Processing IoT Data using Amazon Kinesis

Andrew Smith Posted on

In this post I’m using Kinesis Data Streams, Kinesis Data Firehose and Kinesis Data Analytics to process data received from an IoT sensor.

The inbound IoT data stream is written to Redshift, has rolling averages calculated over it which are again written to Redshift, and is filtered to discover data that’s above an alert threshold.
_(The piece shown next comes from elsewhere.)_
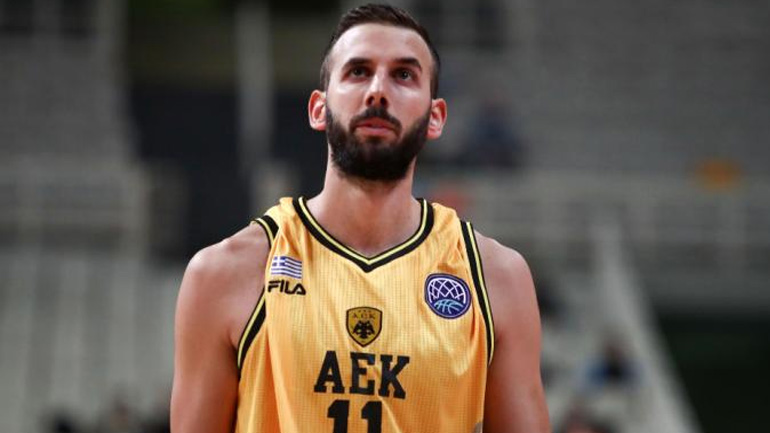 ΑΕΚ: Κάταγμα ο Γιάνκοβιτς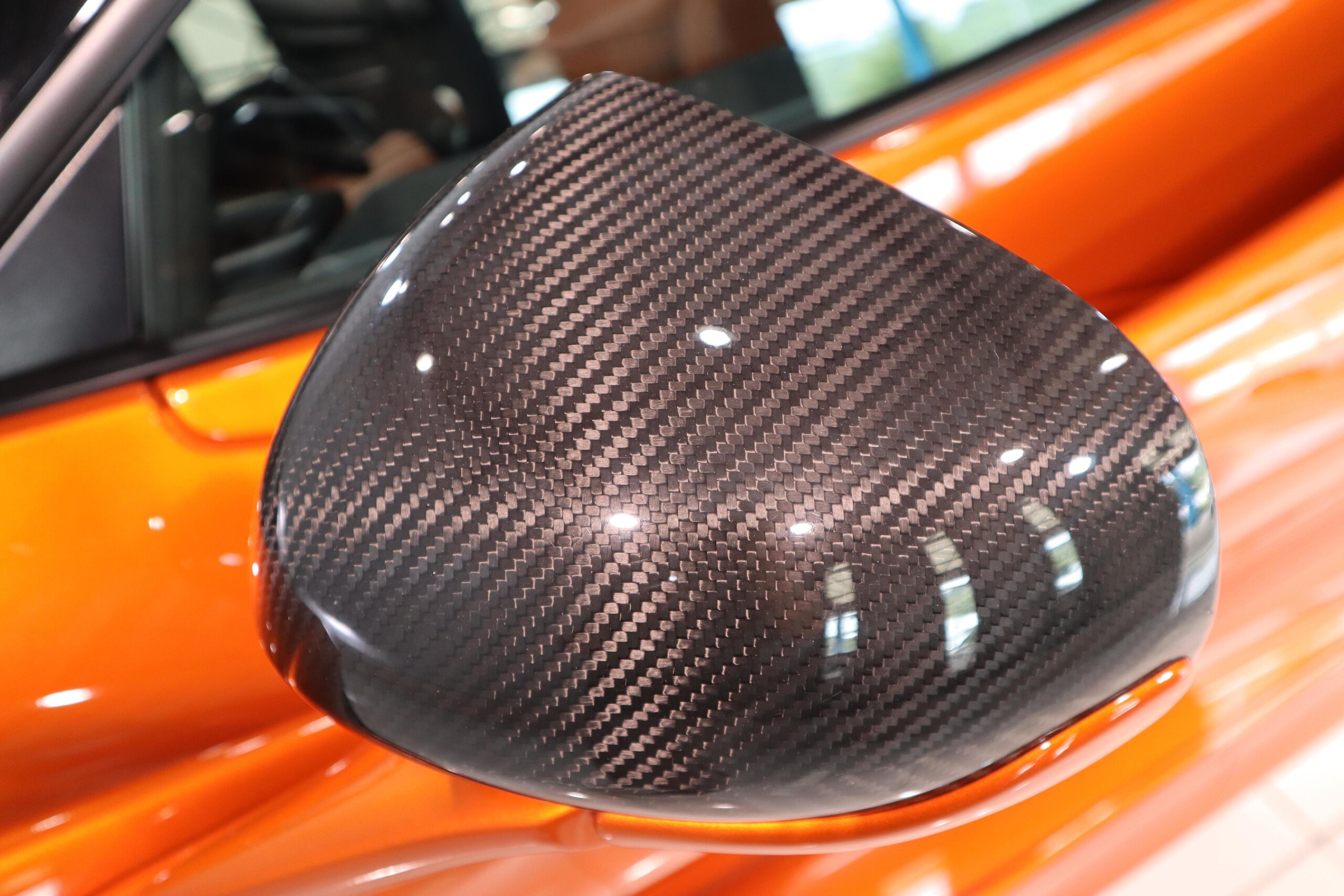 2018 McLaren 720S — Photo 13 / 28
The top level architecture is:


In summary:

  • AWS IoT Core is configured with 2 actions, one that writes IoT messages to a Kinesis Firehose stream that then writes them to Redshift, and another that writes the same messages to a Kinesis data stream for processing by Kinesis Analytics
  • Kinesis Analytics joins the IoT message data with static lookup data that’s read from S3, and then calculates a rolling average of a subset of this data which is written to a Kinesis Firehose stream for routing to Redshift
  • Kinesis Analytics detects data that is over a given threshold and writes it to a Kinesis data stream. A Lambda function receives data from this stream and formats it into an alert message that is sent to an SNS topic, e.g. for emailing to subscribers

The steps to achieve this are described below.

1. Creating the Kinesis Data and Firehose Streams

Kinesis data streams

Two Kinesis data streams are used in the architecture – one from IoT Core to Kinesis Analytics and one from Kinesis Analytics to Lambda. For this example both were created with a single shard, since data volumes will be very light.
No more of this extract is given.